Recorded data
-------------------------

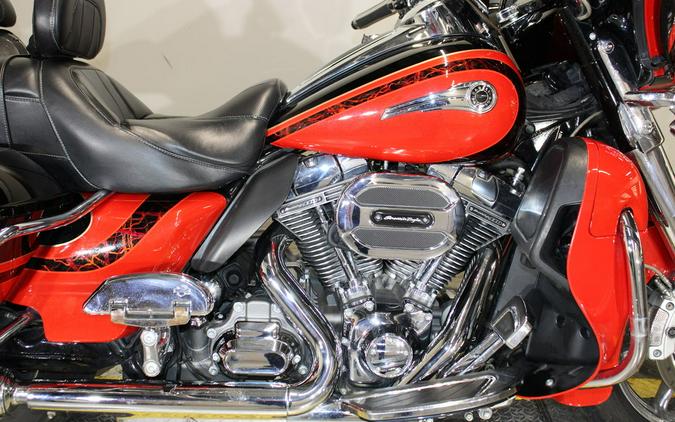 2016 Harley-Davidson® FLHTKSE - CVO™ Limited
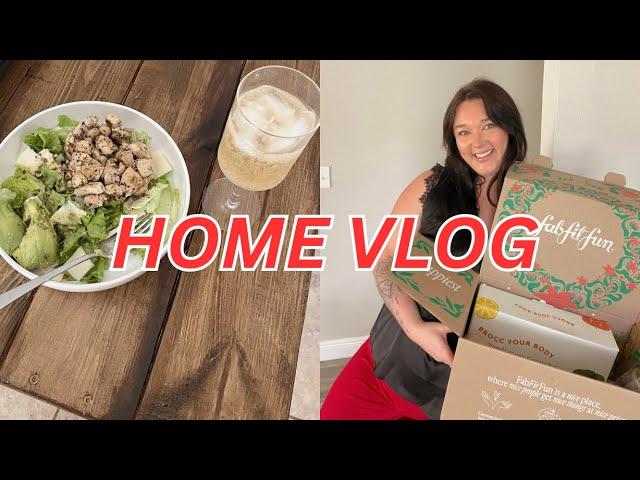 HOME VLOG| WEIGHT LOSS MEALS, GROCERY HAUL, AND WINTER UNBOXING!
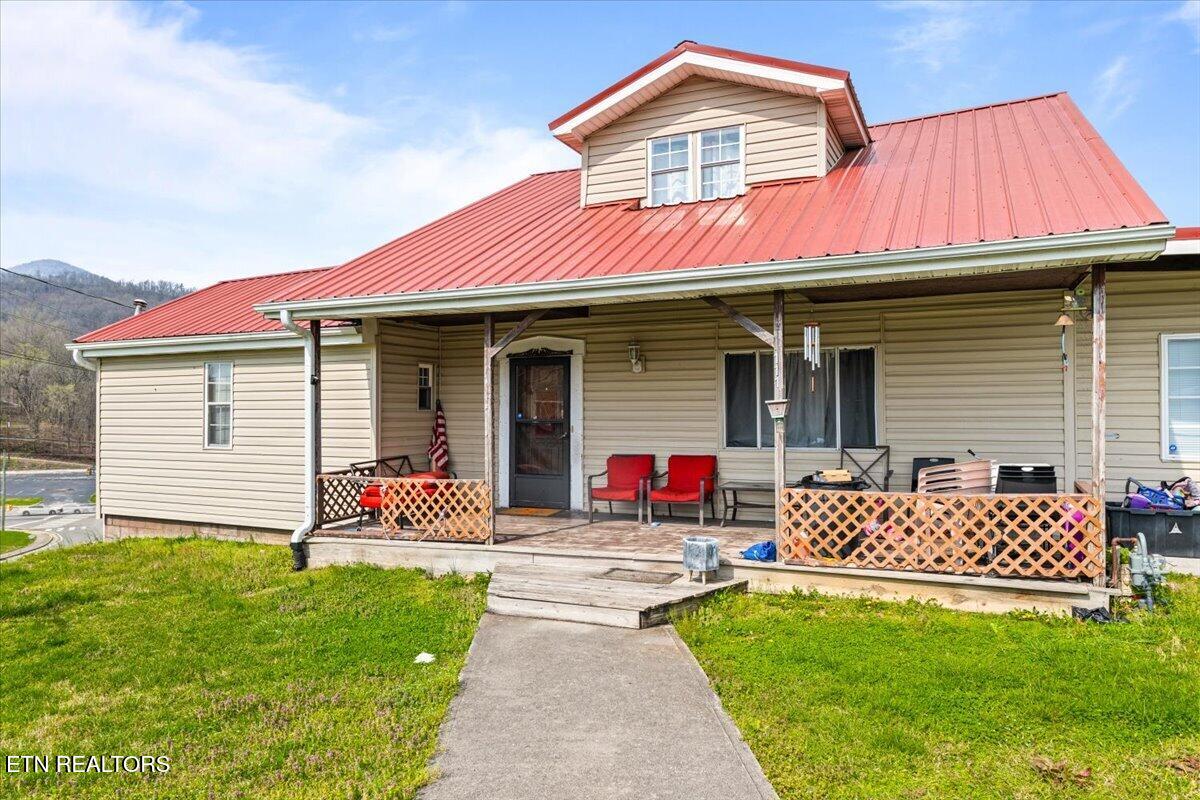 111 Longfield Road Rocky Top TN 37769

-------------------------

Exercise details
The required output is the line containing "HOME VLOG| WEIGHT" plus every line after it to the end of the data, copied exactly and with no pictures.

Expected answer
 HOME VLOG| WEIGHT LOSS MEALS, GROCERY HAUL, AND WINTER UNBOXING!
 111 Longfield Road Rocky Top TN 37769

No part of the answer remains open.